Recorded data
------------------------

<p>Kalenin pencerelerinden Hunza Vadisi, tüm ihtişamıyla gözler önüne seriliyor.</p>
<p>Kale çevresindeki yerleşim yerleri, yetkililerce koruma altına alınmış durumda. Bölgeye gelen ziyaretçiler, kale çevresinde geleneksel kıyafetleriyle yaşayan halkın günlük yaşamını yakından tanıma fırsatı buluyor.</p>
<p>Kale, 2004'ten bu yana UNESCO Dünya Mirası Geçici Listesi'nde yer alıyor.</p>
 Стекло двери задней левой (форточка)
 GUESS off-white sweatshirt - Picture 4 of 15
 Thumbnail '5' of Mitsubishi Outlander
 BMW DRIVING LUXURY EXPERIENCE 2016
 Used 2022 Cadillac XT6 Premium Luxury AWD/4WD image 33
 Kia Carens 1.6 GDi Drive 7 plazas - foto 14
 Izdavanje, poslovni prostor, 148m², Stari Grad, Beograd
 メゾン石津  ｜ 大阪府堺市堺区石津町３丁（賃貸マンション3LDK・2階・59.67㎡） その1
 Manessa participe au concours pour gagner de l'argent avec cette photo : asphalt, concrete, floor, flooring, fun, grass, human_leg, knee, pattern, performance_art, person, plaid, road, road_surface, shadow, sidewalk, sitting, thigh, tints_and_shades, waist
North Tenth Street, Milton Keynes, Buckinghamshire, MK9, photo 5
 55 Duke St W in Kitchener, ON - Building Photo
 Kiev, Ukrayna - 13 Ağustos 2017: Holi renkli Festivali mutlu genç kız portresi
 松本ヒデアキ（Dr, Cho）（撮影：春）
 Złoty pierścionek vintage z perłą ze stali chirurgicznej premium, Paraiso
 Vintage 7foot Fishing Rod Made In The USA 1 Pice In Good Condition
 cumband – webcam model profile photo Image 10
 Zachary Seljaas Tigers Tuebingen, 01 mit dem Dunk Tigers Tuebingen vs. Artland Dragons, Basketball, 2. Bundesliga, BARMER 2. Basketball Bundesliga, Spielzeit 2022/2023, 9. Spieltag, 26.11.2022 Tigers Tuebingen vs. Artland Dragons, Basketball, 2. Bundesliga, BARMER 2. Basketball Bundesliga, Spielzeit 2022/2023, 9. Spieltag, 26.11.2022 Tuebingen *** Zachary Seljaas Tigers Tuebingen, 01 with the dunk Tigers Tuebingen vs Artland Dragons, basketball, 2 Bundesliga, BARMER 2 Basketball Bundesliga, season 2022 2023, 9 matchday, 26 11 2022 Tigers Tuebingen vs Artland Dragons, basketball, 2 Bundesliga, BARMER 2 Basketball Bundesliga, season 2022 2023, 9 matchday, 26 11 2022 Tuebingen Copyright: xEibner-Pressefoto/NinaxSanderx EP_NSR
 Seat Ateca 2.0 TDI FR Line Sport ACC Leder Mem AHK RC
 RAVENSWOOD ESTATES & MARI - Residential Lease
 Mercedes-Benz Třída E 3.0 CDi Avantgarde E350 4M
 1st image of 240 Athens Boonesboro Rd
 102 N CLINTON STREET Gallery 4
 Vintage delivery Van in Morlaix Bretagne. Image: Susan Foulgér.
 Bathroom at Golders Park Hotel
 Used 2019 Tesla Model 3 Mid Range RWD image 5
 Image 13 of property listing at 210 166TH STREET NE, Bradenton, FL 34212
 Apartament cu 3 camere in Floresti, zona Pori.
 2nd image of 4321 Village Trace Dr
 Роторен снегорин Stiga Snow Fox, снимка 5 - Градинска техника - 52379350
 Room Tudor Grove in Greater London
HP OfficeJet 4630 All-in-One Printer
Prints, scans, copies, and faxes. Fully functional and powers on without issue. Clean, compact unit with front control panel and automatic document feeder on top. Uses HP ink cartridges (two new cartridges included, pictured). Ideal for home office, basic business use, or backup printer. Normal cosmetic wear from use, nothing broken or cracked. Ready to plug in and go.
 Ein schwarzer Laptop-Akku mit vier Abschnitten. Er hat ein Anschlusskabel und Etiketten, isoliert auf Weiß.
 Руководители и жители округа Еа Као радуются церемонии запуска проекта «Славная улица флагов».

------------------------

__What is needed__
From the line holding "Apartament cu 3" through the last line above, reproduce each line exactly and add nothing.

__Answer to this exercise__
 Apartament cu 3 camere in Floresti, zona Pori.
 2nd image of 4321 Village Trace Dr
 Роторен снегорин Stiga Snow Fox, снимка 5 - Градинска техника - 52379350
 Room Tudor Grove in Greater London
HP OfficeJet 4630 All-in-One Printer
Prints, scans, copies, and faxes. Fully functional and powers on without issue. Clean, compact unit with front control panel and automatic document feeder on top. Uses HP ink cartridges (two new cartridges included, pictured). Ideal for home office, basic business use, or backup printer. Normal cosmetic wear from use, nothing broken or cracked. Ready to plug in and go.
 Ein schwarzer Laptop-Akku mit vier Abschnitten. Er hat ein Anschlusskabel und Etiketten, isoliert auf Weiß.
 Руководители и жители округа Еа Као радуются церемонии запуска проекта «Славная улица флагов».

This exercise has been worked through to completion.